I don’t know whether it’s the insult or the gullibility that’s the more depressing. But I do know how dispiriting it is to see evidence, every day, of how easily fooled so many of today’s Republicans have become. Fox “news,” or Alex Jones, or Rush Limbaugh, or any of the crazy wing of today’s Republican Congress say something ridiculous, imagine a nutty conspiracy -- count on reading or hearing someone regurgitating it on these pages and elsewhere. Including the Gold House. 
It’s ominous. Society can’t long function with one of its major parties so loosened from terra firma; when lying from the very top and from a well-planned disinformation media campaign has created masses of credulous people no longer able to recognize falsehood, nor interested in re-learning the skill. 
It’s not the specific assertion of that letter that’s so sad; it’s what it portends for the future. If people can dismiss the validity of climate research because scientists earn a living doing it, what’s next? Defending a man who claims some American Nazis and white supremacists are “very fine people?” Could it ever get that bad?
[Image source]

2 comments:

  1. Pathetically fucked up and immoral.

    Alot of people are going to be locked up. Hillary won't be among them. The day can't get here fast enough. I want it to come to a head the last year of Drumpf. That way we don't have Pence packing the courts and so forth.
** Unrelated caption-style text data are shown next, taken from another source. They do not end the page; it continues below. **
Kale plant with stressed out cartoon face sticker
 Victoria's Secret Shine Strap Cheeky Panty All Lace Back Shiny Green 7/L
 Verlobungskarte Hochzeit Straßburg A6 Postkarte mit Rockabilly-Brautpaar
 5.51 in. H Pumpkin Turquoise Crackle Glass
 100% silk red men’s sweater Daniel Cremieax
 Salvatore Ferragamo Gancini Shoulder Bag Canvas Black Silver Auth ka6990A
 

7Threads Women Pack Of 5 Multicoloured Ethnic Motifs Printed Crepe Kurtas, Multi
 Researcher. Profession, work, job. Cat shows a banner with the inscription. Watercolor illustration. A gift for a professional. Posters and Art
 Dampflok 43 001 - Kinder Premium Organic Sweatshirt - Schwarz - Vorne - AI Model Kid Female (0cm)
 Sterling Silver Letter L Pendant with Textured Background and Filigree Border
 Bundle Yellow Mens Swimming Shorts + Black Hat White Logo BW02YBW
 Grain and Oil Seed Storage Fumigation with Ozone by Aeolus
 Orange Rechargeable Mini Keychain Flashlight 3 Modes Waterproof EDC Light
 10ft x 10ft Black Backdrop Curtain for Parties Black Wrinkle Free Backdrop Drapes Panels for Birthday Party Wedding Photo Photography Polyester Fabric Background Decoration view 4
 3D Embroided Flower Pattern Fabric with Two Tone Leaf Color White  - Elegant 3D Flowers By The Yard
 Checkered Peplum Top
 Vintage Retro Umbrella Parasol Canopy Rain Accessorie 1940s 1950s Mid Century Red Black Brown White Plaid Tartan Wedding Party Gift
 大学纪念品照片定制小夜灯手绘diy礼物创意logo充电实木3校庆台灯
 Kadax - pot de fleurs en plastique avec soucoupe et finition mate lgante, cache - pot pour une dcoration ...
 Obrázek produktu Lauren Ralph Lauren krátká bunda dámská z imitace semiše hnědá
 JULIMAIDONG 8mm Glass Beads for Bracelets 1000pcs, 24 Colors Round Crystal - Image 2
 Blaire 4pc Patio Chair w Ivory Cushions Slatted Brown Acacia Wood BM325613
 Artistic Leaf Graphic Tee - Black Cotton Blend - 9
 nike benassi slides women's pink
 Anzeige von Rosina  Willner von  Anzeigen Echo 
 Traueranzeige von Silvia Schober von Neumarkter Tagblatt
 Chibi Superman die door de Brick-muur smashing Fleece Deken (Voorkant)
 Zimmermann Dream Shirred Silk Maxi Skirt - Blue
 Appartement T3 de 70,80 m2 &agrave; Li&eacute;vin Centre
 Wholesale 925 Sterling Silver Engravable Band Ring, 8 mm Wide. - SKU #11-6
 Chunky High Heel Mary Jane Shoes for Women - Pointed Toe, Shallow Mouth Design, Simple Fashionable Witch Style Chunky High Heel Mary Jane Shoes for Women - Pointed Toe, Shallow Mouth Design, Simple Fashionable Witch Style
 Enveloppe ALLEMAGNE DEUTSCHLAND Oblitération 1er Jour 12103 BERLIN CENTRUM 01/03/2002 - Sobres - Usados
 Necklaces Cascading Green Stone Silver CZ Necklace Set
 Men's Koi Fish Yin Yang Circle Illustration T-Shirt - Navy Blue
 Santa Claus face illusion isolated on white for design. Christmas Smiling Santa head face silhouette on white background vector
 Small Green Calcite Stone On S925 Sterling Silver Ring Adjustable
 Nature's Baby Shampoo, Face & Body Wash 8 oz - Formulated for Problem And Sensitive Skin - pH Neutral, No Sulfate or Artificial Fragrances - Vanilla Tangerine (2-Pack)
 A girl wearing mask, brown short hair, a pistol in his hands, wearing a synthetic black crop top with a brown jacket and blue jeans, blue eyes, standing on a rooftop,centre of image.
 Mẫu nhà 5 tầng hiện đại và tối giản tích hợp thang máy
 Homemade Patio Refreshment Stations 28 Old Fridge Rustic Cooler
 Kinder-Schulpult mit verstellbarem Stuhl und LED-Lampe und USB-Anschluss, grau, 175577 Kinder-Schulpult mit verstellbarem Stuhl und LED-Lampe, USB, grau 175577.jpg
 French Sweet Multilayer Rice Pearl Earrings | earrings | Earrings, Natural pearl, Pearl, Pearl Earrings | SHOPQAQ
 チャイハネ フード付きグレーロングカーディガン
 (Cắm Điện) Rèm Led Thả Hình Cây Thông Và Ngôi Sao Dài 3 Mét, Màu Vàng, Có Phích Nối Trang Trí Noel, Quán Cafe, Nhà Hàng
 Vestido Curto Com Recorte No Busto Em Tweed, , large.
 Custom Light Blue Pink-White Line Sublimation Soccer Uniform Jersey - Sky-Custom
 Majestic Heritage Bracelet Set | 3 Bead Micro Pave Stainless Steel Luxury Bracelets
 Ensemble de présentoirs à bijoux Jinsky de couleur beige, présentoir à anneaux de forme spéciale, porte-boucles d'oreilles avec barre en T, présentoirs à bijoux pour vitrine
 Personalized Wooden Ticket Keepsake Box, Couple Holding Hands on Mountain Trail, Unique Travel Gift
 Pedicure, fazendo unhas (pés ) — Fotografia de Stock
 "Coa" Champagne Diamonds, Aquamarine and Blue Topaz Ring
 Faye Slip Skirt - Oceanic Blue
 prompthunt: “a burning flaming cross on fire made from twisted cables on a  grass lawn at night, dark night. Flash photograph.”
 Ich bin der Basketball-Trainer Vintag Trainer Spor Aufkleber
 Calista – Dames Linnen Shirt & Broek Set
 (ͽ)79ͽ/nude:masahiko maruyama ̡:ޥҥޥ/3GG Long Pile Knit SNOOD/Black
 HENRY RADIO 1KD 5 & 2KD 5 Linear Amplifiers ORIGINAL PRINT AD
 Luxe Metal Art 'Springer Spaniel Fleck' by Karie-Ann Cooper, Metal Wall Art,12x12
    Then nominate an actual liberal and fucking vote! Everyone has to vote! Everyone!
    There's alot of folks working for nothing for a Dem. candidate. Then to not have people show up because they 'know' "it's in the bag". They don't 'know' shit.

    Now people are protesting everywhere. People are dying. Voting would have been an easy solution.

    ReplyDelete
  2. Between the suppressed D votes and the Ds too lazy or idiotic (15% of Bernie supporters voted for Trump, it's reported) to vote, there's more than enough to have prevented this disaster. Sigh. When will they ever learn, when will they eh-ver learn.